Find "Women’s Formal Dress" in the material, then return exactly the line containing it and all lines after it to the end, leaving out pictures.

━━ AVAILABLE DATA

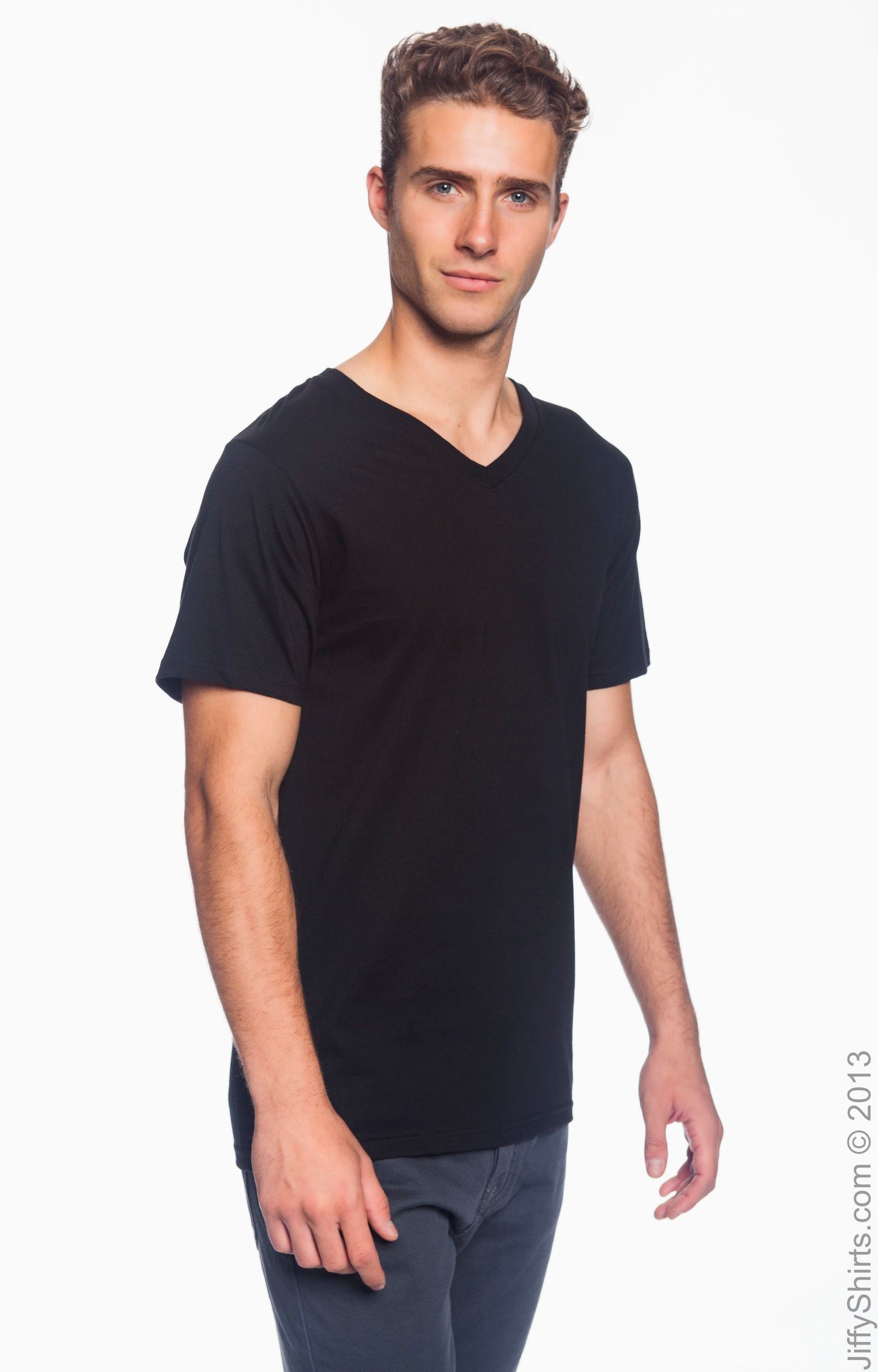 Unisex Lightweight V-Neck T-Shirt - Black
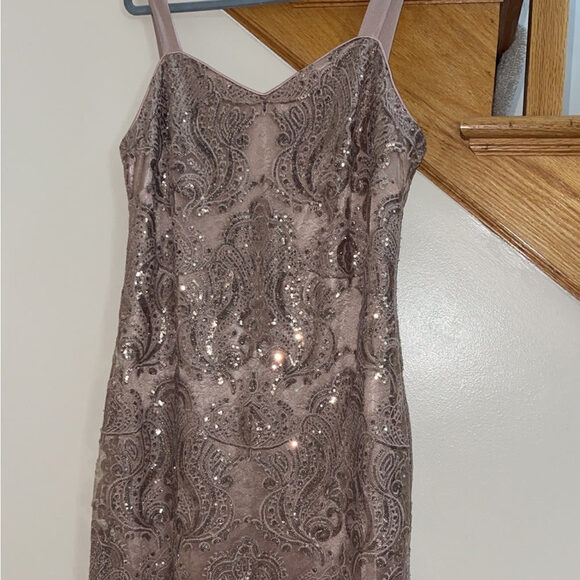 Women’s Formal Dress Size 8, 18 Gold Lace Allover Sequins R&M Richards Short NEW - Picture 3 of 8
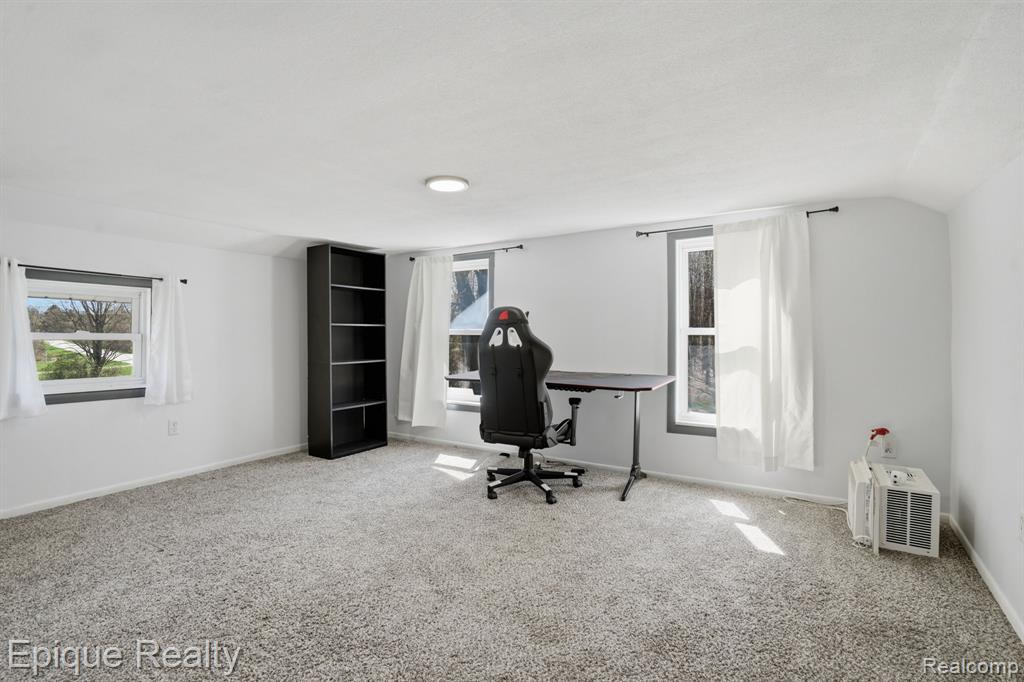 3272 Barnes Road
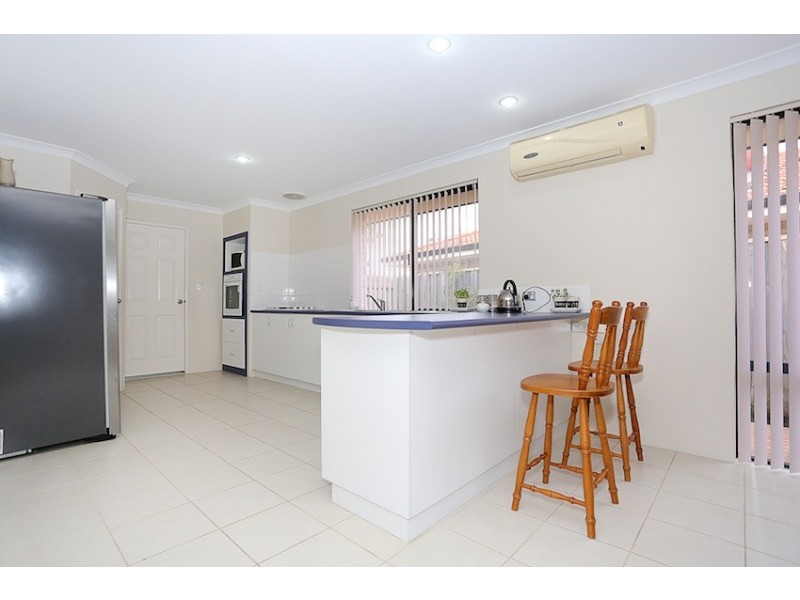 219 Peelwood Parade, Halls Head WA 6210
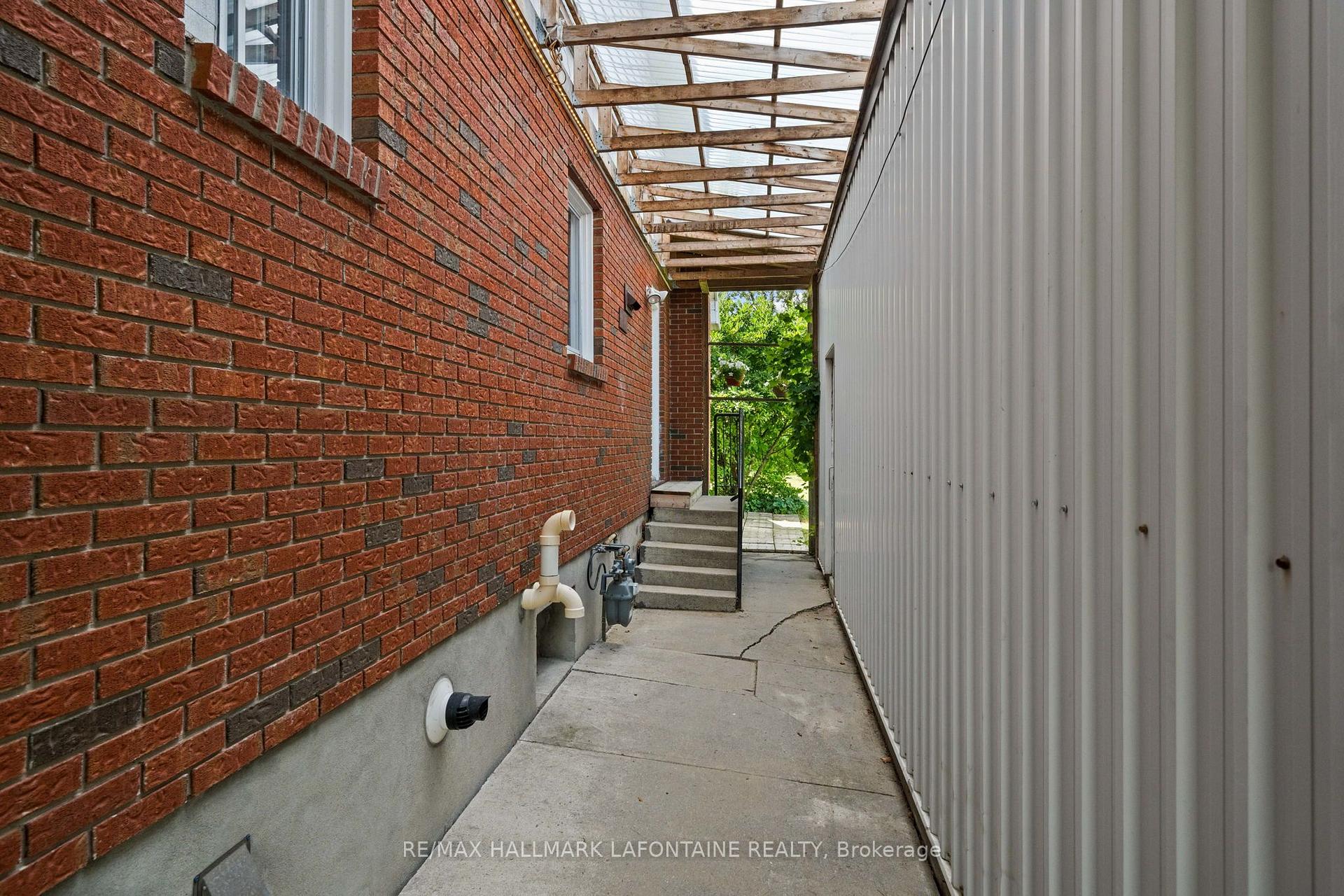 Photo 25 of 828 Roseview Avenue, Ottawa, Britannia Heights — HOMEH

━━━━

_THE ANSWER_
 Women’s Formal Dress Size 8, 18 Gold Lace Allover Sequins R&M Richards Short NEW - Picture 3 of 8
 3272 Barnes Road
 219 Peelwood Parade, Halls Head WA 6210
 Photo 25 of 828 Roseview Avenue, Ottawa, Britannia Heights — HOMEH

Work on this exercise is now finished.